--- Dataset content ---

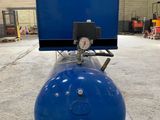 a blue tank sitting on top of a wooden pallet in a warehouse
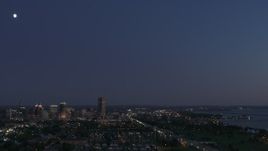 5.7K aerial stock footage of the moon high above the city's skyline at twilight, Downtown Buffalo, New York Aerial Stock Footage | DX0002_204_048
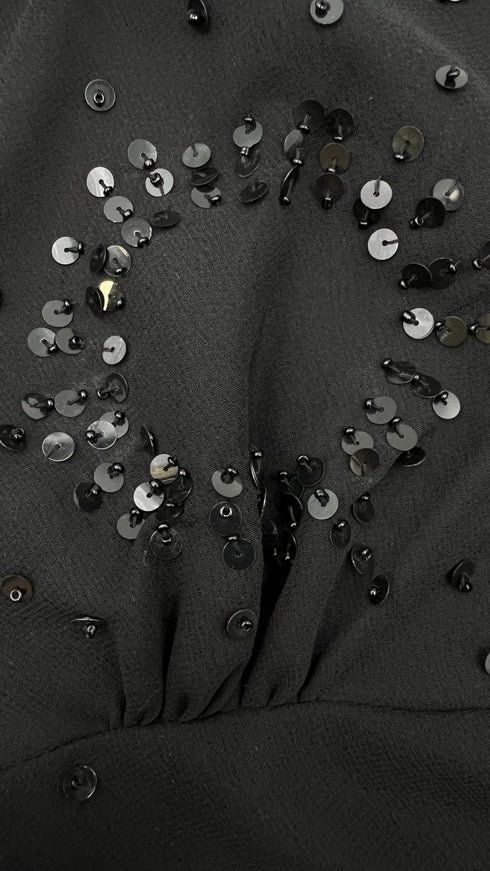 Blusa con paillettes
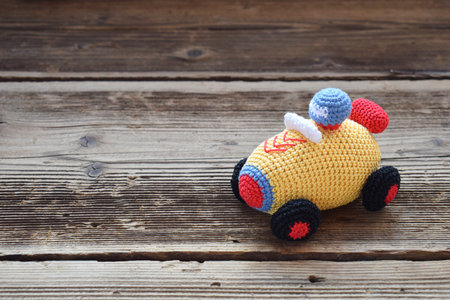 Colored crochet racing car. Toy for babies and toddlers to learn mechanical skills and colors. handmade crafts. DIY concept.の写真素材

---

■ **Task to carry out**: Copy the listing exactly. No images belong in the copy.

■ **Answer area**:
 a blue tank sitting on top of a wooden pallet in a warehouse
 5.7K aerial stock footage of the moon high above the city's skyline at twilight, Downtown Buffalo, New York Aerial Stock Footage | DX0002_204_048
 Blusa con paillettes
 Colored crochet racing car. Toy for babies and toddlers to learn mechanical skills and colors. handmade crafts. DIY concept.の写真素材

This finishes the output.